The following example creates a ``WGS84GeoPoint`` column and updates
existing records. The second record (``"Flower"`` key record) has the
default value (``"0x0"``) because it's not updated.

.. groonga-command
.. include:: ../example/tutorial/data-6.log
.. column_create --table ToyBox --name location --type WGS84GeoPoint
.. load --table ToyBox
.. [
.. {"_key":"Monkey","location":"128452975x503157902"}
.. {"_key":"Block","location":"35.6813819x139.7660839"}
.. ]
.. select --table ToyBox --output_columns _key,location

Reference types
---------------

Groonga supports a reference column, which stores references to records in its associated table. In practice, a reference column stores the IDs of the referred records in the associated table and enables access to those records.

You can specify a column in the associated table to the ``output_columns`` parameter of a :doc:`/reference/commands/select` command. The format is ``Src.Dest`` where Src is the name of the reference column and Dest is the name of the target column. If only the reference column is specified, it is handled as ``Src._key``. Note that if a reference does not point to a valid record, a :doc:`/reference/commands/select` command outputs the default value of the target column.

The following example adds a reference column to the ``Site`` table
that was created in :ref:`tutorial-introduction-create-table`. The new
column, named ``link``, is designed for storing links among records in
the ``Site`` table.

.. groonga-command
.. include:: ../example/tutorial/data-7.log
.. column_create --table Site --name link --type Site
.. load --table Site
.. [
.. {"_key":"http://example.org/","link":"http://example.net/"}
.. ]
.. select --table Site --output_columns _key,title,link._key,link.title --query title:@this

The `type` parameter of the :doc:`/reference/commands/column_create` command specifies the table to be associated with the reference column. In this example, the reference column is associated with the own table. Then, the :doc:`/reference/commands/load` command registers a link from "http://example.org" to "http://example.net". Note that a reference column requires the primary key, not the ID, of the record to be referred to. After that, the link is confirmed by the :doc:`/reference/commands/select` command. In this case, the primary key and the title of the referred record are output because link._key and link.title are specified to the `output_columns` parameter.

Vector types
------------

Groonga supports a vector column, in which each element can store a variable number of values.

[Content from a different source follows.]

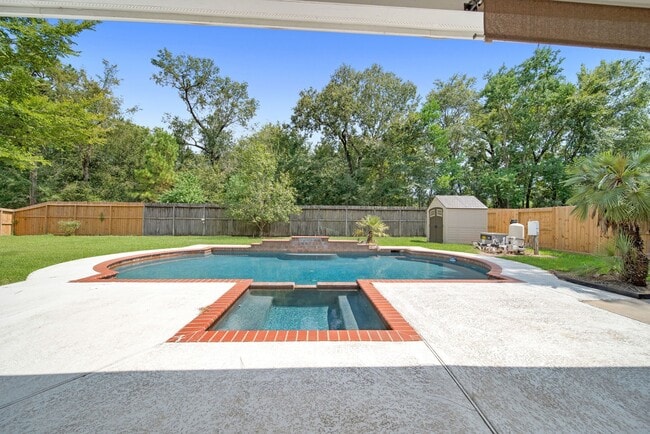 Building Photo - 135 Fairwind Trail Dr Rental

To create a vector column, specify the COLUMN_VECTOR flag to the `flags` parameter of a :doc:`/reference/commands/column_create` command. A vector column is useful to represent a many-to-many relationship.

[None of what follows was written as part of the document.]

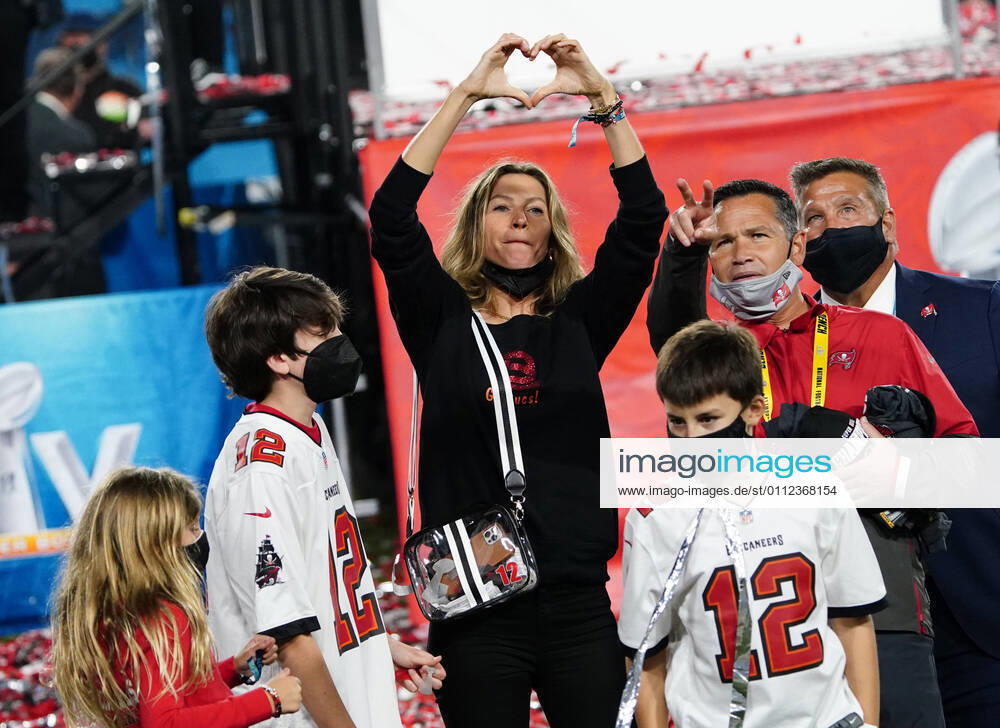 Tampa Bay Buccaneers quarterback Tom Brady s wife Gisele Bundchen makes a heart sign as she and her children wait after the Buccaneers defeated the Kansas City Chiefs 31-9 to win Super Bowl LV at Raymond James Stadium in Tampa, Florida on Sunday, February 7, 2021. SBP202102074414 KEVINxDIETSCH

The previous example used a regular column, so each record could have at most one link. Obviously, the specification is insufficient because a site usually has more than one links. To solve this problem, the following example uses a vector column.

.. FIXME: _idの配列ではダメなのかどうか。検証する。

.. groonga-command
.. include:: ../example/tutorial/data-8.log
.. column_create --table Site --name links --flags COLUMN_VECTOR --type Site
.. load --table Site
.. [
.. {"_key":"http://example.org/","links":["http://example.net/","http://example.org/","http://example.com/"]},
.. ]
.. select --table Site --output_columns _key,title,links._key,links.title --query title:@this

The only difference at the first step is the `flags` parameter that specifies to create a vector column. The `type` parameter of the :doc:`/reference/commands/column_create` command is the same as in the previous example. Then, the :doc:`/reference/commands/load` command registers three links from "http://example.org/" to "http://example.net/", "http://example.org/" and "http://example.com/". After that, the links are confirmed by the :doc:`/reference/commands/select` command. In this case, the primary keys and the titles are output as arrays because links._key and links.title are specified to the `output_columns` parameter.